Folkman published his ideas about angiogenesis in 1971 (J. Folkman N. Engl. J. Med. 285, 1182–1186; 1971). This landmark paper initially met with scepticism. Undaunted, he and his small research group developed the cell-culture methods, bioassays and drug-delivery systems they needed to validate the theory. Notably, the technology for slow-release, drug-delivery polymers emerged from this work.

It took a decade for Folkman's lab to isolate the first angiogenesis stimulator — basic fibroblast growth factor (bFGF) — and yet another for it to identify the inhibitors angiostatin and endostatin. These breakthroughs launched an era of discovery and validation, during which Folkman's group and others uncovered additional pro- and antiangiogenic factors, began mapping the molecular pathways of pathological angiogenesis, and started to develop antiangiogenic drugs. Today, more than 50 angiogenesis inhibitors are approved or in clinical trials around the globe. Although most target cancer, drugs to treat a condition called wet age-related macular degeneration have had the most stunning success so far, reversing blindness in many patients.
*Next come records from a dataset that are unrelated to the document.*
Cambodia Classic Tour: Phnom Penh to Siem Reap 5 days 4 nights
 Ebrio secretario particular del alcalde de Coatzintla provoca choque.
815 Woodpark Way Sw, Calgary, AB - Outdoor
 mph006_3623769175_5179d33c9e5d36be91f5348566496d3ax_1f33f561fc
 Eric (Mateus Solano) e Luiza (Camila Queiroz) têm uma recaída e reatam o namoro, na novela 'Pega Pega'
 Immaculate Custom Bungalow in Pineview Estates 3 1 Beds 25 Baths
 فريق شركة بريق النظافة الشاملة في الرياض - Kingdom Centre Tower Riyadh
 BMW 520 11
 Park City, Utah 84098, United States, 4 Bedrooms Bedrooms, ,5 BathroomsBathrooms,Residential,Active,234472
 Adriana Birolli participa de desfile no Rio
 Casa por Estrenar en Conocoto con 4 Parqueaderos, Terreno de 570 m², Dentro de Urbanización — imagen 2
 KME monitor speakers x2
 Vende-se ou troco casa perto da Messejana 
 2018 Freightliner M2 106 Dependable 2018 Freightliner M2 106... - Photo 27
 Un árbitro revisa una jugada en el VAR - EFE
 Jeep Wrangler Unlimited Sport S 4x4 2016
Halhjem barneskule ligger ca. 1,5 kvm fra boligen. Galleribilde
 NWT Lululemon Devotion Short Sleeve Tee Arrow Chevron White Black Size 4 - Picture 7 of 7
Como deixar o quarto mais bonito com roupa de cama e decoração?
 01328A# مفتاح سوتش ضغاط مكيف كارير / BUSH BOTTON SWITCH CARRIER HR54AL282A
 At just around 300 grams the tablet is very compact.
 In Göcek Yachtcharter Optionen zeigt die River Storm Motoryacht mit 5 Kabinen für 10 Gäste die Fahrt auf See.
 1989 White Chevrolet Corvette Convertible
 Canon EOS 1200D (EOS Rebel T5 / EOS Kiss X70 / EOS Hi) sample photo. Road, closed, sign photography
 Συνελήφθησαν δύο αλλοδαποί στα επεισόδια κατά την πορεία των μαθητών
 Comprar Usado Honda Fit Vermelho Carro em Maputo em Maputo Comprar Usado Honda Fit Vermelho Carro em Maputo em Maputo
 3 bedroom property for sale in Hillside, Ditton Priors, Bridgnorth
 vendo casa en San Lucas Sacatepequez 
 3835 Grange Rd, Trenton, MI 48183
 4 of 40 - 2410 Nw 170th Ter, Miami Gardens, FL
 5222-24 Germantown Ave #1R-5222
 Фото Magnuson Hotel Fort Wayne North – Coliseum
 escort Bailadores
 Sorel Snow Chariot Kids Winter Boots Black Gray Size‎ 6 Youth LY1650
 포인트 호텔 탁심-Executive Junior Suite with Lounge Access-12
Folkman never stopped pushing his own imagination or the bounds of scientific understanding. In 2004, he proposed that we may someday control cancer by “treating a biomarker” with angiogenesis inhibitors (J. Folkman & R. Kalluri Nature 427, 787; 2004), just as we treat heart disease by prescribing statins in response to high cholesterol levels. Folkman foresaw biomarkers for the 'angiogenic switch', the point at which the balance of angiogenesis stimulators and inhibitors shifts in favour of stimulation, generating the web of blood vessels that turns cancer into a killer. The switch happens years before a tumour can be imaged or felt. Folkman speculated that if cancer were detected this early and treated with low-toxicity antiangiogenic drugs, it would remain dormant. Patients would have cancer but not disease.

At the time of his sudden death on 14 January, Folkman had been testing this theory in patients at risk of recurrent cancer, using biomarkers for early angiogenesis developed in his Vascular Biology Program. He had also begun to view angiogenesis as an organizing principle of biology, essential for the growth of any mass from a cancerous tumour to an atherosclerotic plaque. He had proposed that angiogenesis biomarkers could potentially detect a range of blood-vessel-dependent diseases, and that one day a single, broad-spectrum angiogenesis inhibitor or a combination of antiangiogenic drugs might be used to treat them all. This was another bold theory, one left for others to pursue.

Folkman's contributions to vision and cardiovascular research, as well as to cancer biology, were widely recognized. Apart from being elected to the National Academy of Sciences and Institute of Medicine, and appointed to the President's Cancer Advisory Board, he received more than 150 awards and prizes, including scientific honours from 11 nations. But neither the awards nor accounts of his scientific accomplishments capture what those who knew him valued most in Folkman — his humanity and generosity. He was legendary for sharing unpublished data, and masterly at balancing guidance and creative freedom to nurture young investigators' careers.

Nowhere was Folkman's compassion and generosity more evident, however, than with patients. He would leave the office late in the evening, a briefcase slung over each shoulder, a notebook of to-do's in his breast pocket, wheeling his laptop behind him. After dinner with his wife of 47 years, Paula, he would retire to his study, take out the notebook, and begin calling patients who had left messages that day. Most were people he had never met, desperate for hope and advice. He called them all.

Folkman never used his first name, Moses, but he shared much in common with his Biblical namesake. He was a teacher, leader and iconoclast. Although he did not live to see the full promise of antiangiogenic therapy realized, he trained and inspired many who will carry forward his dream.